EXERCISE AIM –
Please restate every line below exactly, without any pictures.
START PROVIDED DATA
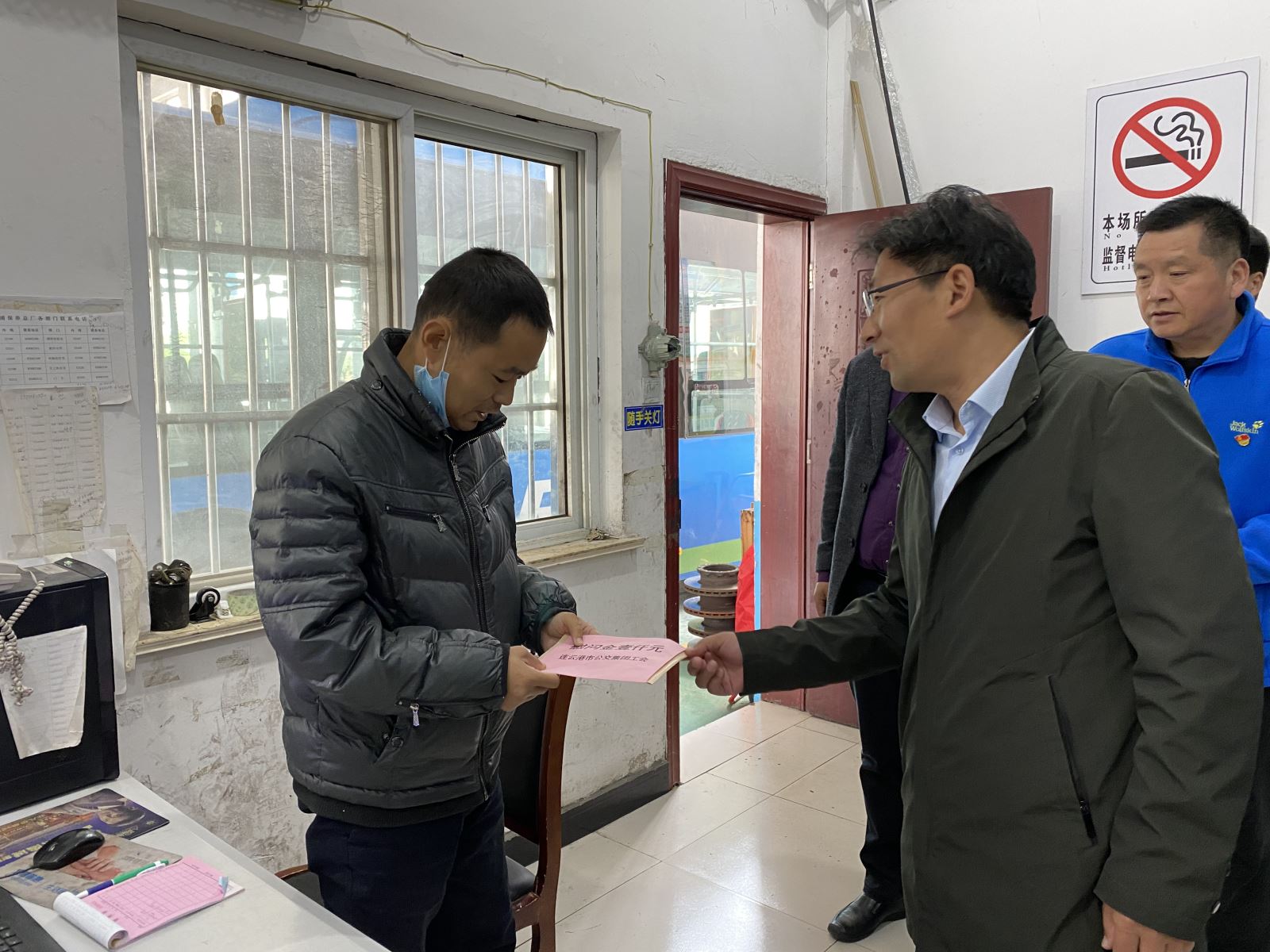 公交集團(tuán)機(jī)務(wù)技術(shù)事業(yè)部組織為困難職工捐款活動(dòng)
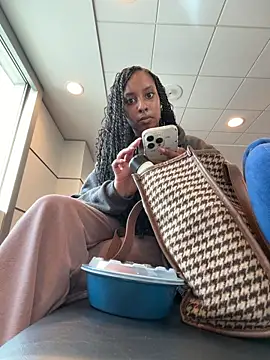 Your Paris online show from April 11, 2026, 12:31 pm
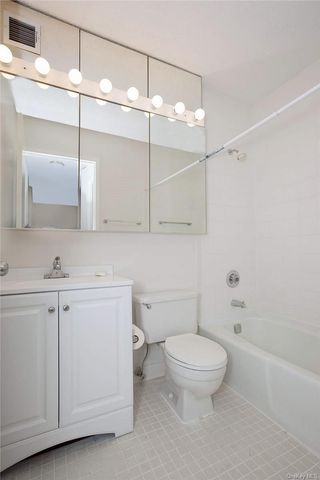 6254 97th Place 11L, Rego Park, NY 11374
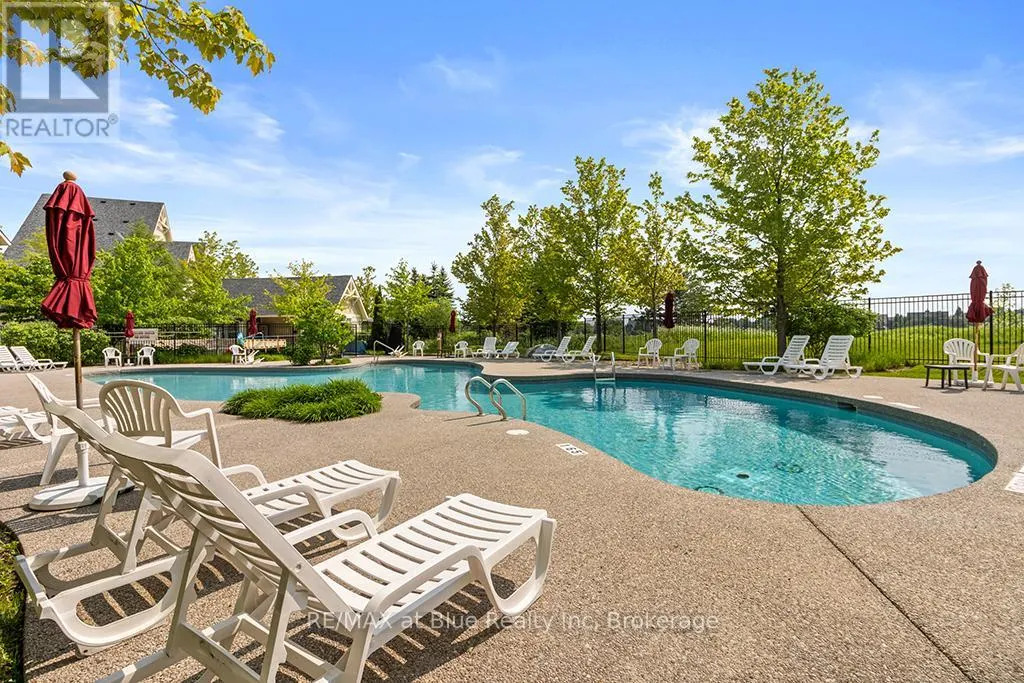 207 - 115 FAIRWAY COURT, #207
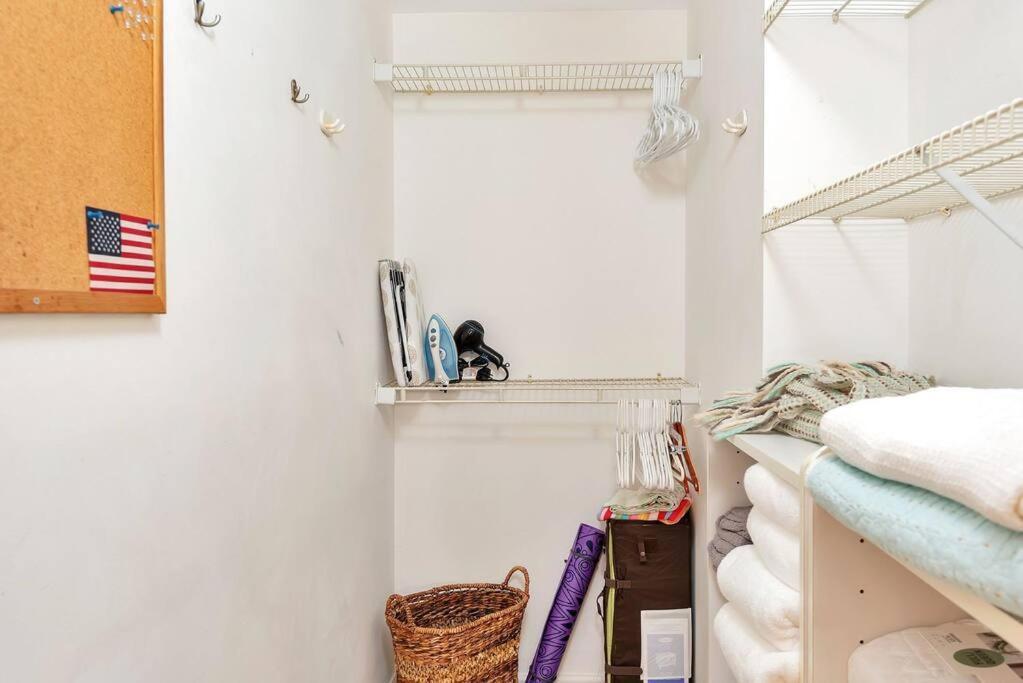 Apartment Charming W Pool One Mile To Pets Welcome *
END PROVIDED DATA
ANSWER TO THIS PROBLEM –
 公交集團(tuán)機(jī)務(wù)技術(shù)事業(yè)部組織為困難職工捐款活動(dòng)
 Your Paris online show from April 11, 2026, 12:31 pm
 6254 97th Place 11L, Rego Park, NY 11374
 207 - 115 FAIRWAY COURT, #207
 Apartment Charming W Pool One Mile To Pets Welcome *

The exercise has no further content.